┌────────

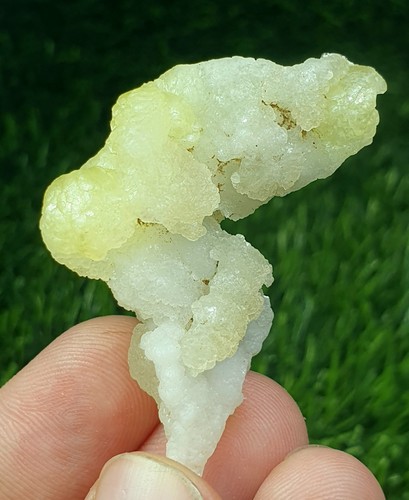 Cristallo brucite giallo e - di,
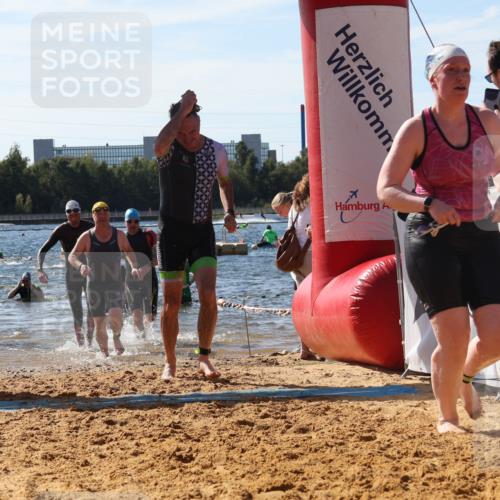 07.09.2025 - 19. Norderstedt Triathlon Luisa Fischer http://msf.ph/oto/8755725 07.09.2025 11:45:03 Schwimmen 697, 717, 728, 758, 851, 852, 898, 1237, 1307 meine-sportfotos.de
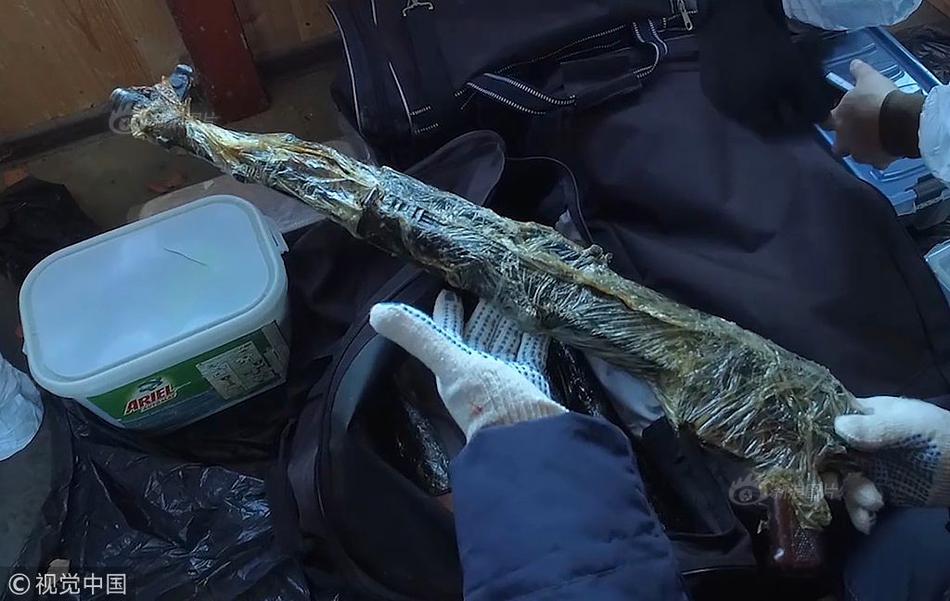 吃鸡 你以为你遇到的都是吊?专业玩家射击训练软件曝光 爆头率达到60%_火狐电竞官网(图2) 火狐电竞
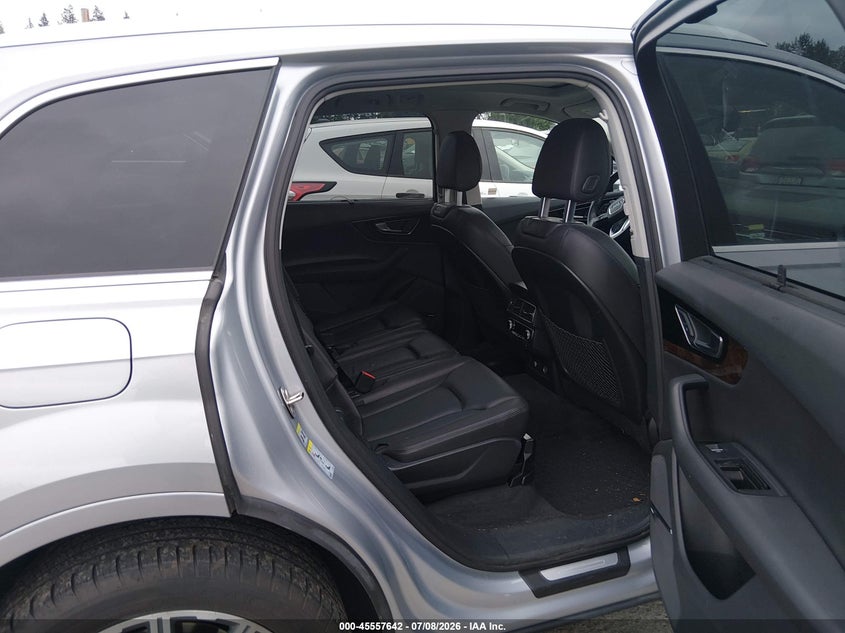 2018 Audi Q7 VIN WA1VAAF76JD000800 IAAI salvage auction — LEFT FRONT, Salvage Title, sold $10,500 on 2026-07-29 (photo 8)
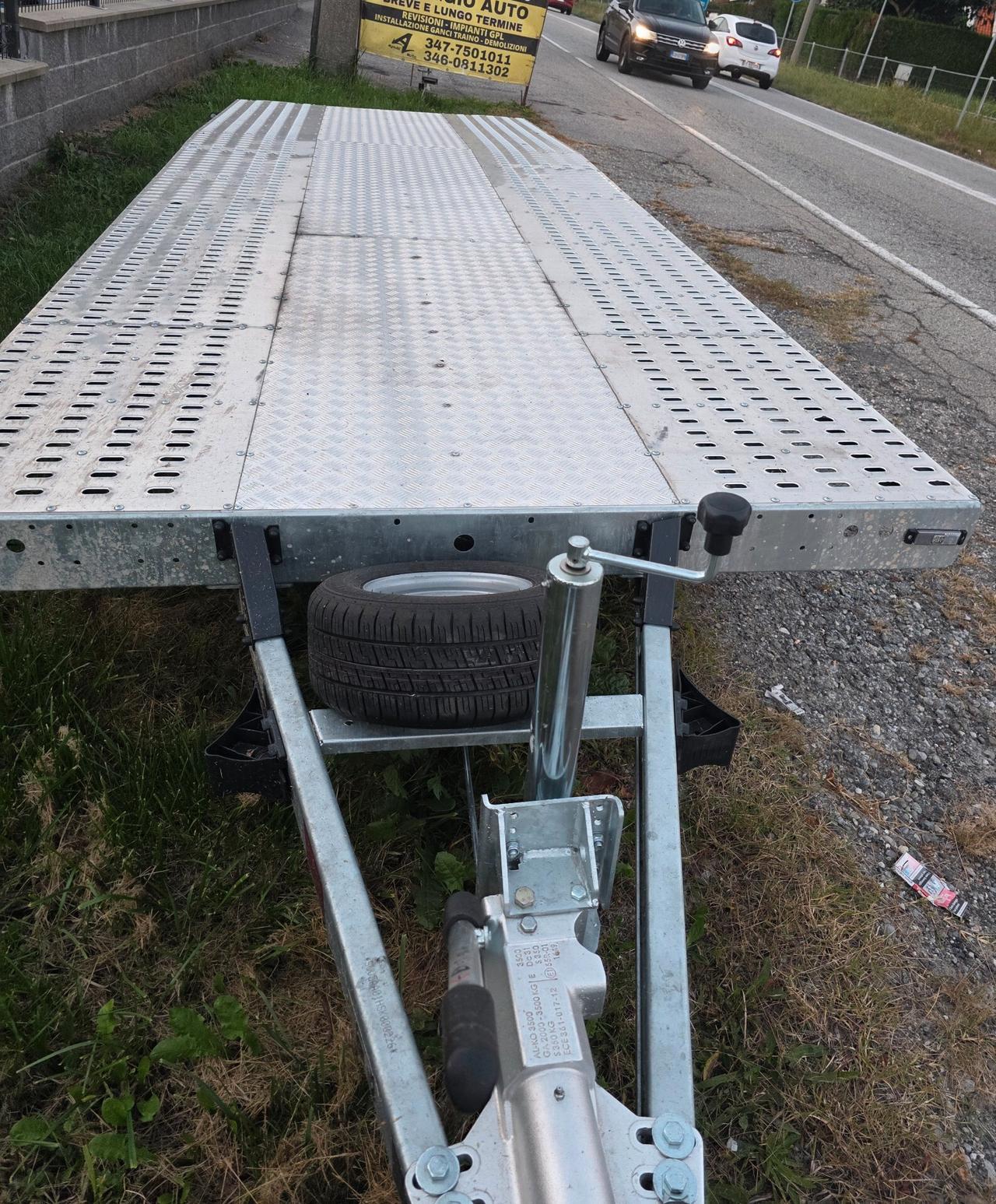 Carrello nuovo da immatricolare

└────────

# Exercise details
Images stay out, but the rest of the data above must be repeated exactly.

# Reply
 Cristallo brucite giallo e - di,
 07.09.2025 - 19. Norderstedt Triathlon Luisa Fischer http://msf.ph/oto/8755725 07.09.2025 11:45:03 Schwimmen 697, 717, 728, 758, 851, 852, 898, 1237, 1307 meine-sportfotos.de
 吃鸡 你以为你遇到的都是吊?专业玩家射击训练软件曝光 爆头率达到60%_火狐电竞官网(图2) 火狐电竞
 2018 Audi Q7 VIN WA1VAAF76JD000800 IAAI salvage auction — LEFT FRONT, Salvage Title, sold $10,500 on 2026-07-29 (photo 8)
 Carrello nuovo da immatricolare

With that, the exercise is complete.